* _EXERCISE AIM_
Copy, word for word, the opening line of the data and each line after it until the line that contains "Modern, fully furnished", which is included. Leave the pictures out.

[[ TASK INPUT open ]]

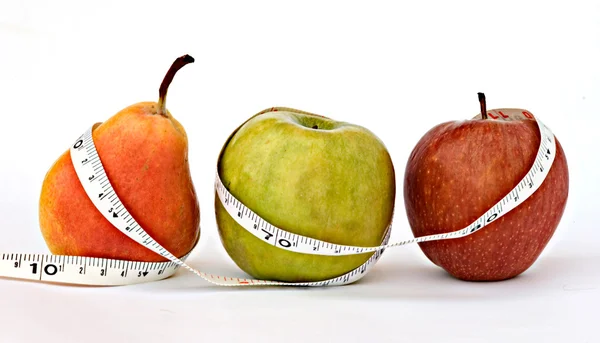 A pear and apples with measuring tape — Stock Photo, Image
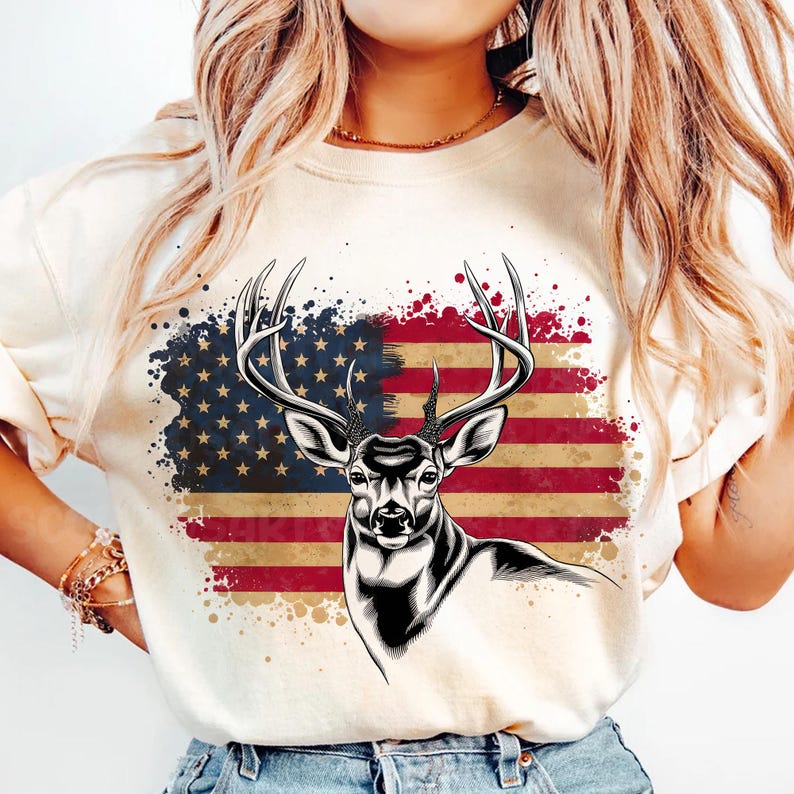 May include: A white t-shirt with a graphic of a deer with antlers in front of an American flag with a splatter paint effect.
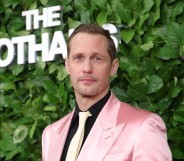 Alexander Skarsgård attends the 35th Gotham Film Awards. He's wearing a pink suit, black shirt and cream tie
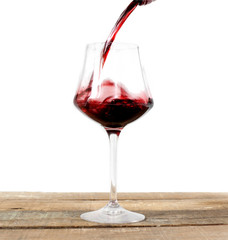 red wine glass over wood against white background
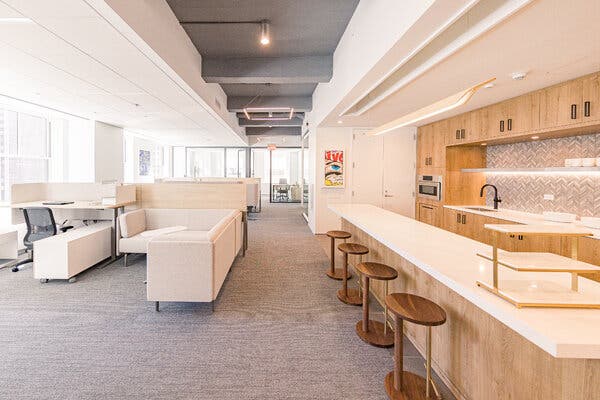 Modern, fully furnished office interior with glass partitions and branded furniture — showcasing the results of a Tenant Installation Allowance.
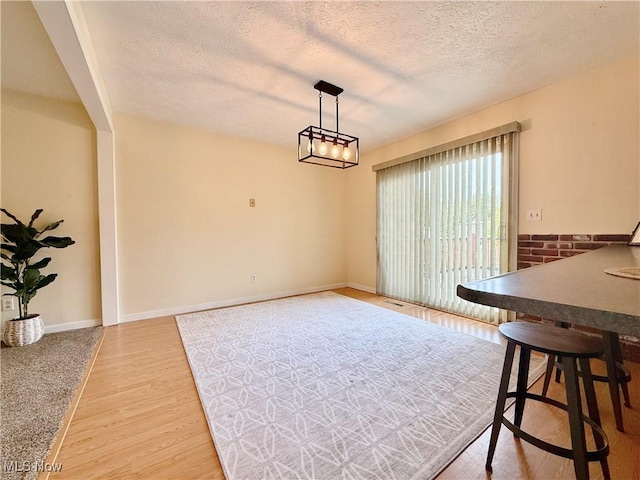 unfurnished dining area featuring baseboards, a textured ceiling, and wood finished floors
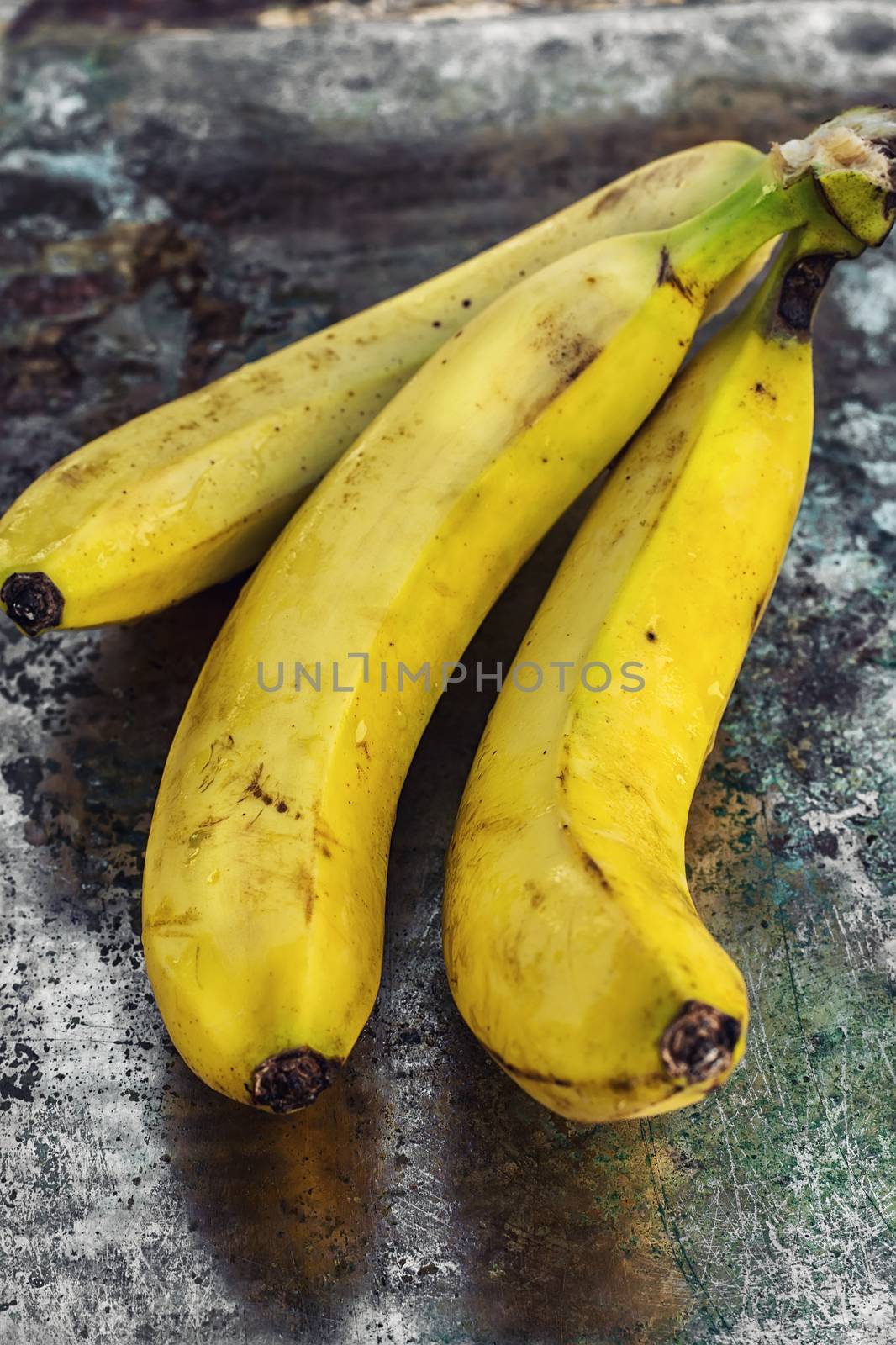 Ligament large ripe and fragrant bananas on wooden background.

[[ TASK INPUT closed ]]

* _WRITTEN REPLY_
 A pear and apples with measuring tape — Stock Photo, Image
 May include: A white t-shirt with a graphic of a deer with antlers in front of an American flag with a splatter paint effect.
 Alexander Skarsgård attends the 35th Gotham Film Awards. He's wearing a pink suit, black shirt and cream tie
 red wine glass over wood against white background
 Modern, fully furnished office interior with glass partitions and branded furniture — showcasing the results of a Tenant Installation Allowance.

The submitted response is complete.